*** Opening Supplied entries ***

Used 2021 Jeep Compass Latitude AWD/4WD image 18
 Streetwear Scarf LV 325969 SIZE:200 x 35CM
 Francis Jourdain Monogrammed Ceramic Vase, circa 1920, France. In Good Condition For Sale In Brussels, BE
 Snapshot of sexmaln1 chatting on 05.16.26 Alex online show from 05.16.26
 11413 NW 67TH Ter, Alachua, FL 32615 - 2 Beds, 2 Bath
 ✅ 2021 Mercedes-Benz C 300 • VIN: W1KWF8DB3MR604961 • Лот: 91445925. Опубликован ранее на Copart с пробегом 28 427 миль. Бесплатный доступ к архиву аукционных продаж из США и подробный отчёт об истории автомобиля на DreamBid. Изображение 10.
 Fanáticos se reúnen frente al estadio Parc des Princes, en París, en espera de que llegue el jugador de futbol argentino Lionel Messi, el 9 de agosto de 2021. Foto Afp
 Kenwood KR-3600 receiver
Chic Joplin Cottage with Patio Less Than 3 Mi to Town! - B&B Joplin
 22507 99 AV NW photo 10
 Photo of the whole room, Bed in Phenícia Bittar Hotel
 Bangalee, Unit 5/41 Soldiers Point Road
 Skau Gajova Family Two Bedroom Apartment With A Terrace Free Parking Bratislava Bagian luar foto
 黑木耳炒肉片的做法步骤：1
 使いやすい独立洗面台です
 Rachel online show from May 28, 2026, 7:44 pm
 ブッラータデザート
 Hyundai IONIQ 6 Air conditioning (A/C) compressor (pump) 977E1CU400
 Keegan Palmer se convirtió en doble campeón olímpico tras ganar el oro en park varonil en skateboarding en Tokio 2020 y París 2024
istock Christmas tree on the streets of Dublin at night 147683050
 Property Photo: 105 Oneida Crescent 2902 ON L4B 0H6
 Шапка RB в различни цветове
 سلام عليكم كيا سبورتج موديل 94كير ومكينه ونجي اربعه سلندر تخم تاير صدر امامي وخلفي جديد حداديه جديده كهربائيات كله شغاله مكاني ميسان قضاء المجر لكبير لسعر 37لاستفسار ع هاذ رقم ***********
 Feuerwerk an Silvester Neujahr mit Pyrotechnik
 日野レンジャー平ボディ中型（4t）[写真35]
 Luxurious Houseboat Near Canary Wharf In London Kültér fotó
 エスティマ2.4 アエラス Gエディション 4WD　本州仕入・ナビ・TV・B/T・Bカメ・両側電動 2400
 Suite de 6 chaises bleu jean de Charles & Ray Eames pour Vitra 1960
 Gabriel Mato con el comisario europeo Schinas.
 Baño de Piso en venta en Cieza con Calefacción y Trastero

*** Closing Supplied entries ***

■ **Task instructions**:
Look above for the line with "Kenwood KR-3600 receiver" and the line with "Suite de 6 chaises". Write out those two lines and all the lines between them, exactly, and no others.

■ **Answer**:
 Kenwood KR-3600 receiver
Chic Joplin Cottage with Patio Less Than 3 Mi to Town! - B&B Joplin
 22507 99 AV NW photo 10
 Photo of the whole room, Bed in Phenícia Bittar Hotel
 Bangalee, Unit 5/41 Soldiers Point Road
 Skau Gajova Family Two Bedroom Apartment With A Terrace Free Parking Bratislava Bagian luar foto
 黑木耳炒肉片的做法步骤：1
 使いやすい独立洗面台です
 Rachel online show from May 28, 2026, 7:44 pm
 ブッラータデザート
 Hyundai IONIQ 6 Air conditioning (A/C) compressor (pump) 977E1CU400
 Keegan Palmer se convirtió en doble campeón olímpico tras ganar el oro en park varonil en skateboarding en Tokio 2020 y París 2024
istock Christmas tree on the streets of Dublin at night 147683050
 Property Photo: 105 Oneida Crescent 2902 ON L4B 0H6
 Шапка RB в различни цветове
 سلام عليكم كيا سبورتج موديل 94كير ومكينه ونجي اربعه سلندر تخم تاير صدر امامي وخلفي جديد حداديه جديده كهربائيات كله شغاله مكاني ميسان قضاء المجر لكبير لسعر 37لاستفسار ع هاذ رقم ***********
 Feuerwerk an Silvester Neujahr mit Pyrotechnik
 日野レンジャー平ボディ中型（4t）[写真35]
 Luxurious Houseboat Near Canary Wharf In London Kültér fotó
 エスティマ2.4 アエラス Gエディション 4WD　本州仕入・ナビ・TV・B/T・Bカメ・両側電動 2400
 Suite de 6 chaises bleu jean de Charles & Ray Eames pour Vitra 1960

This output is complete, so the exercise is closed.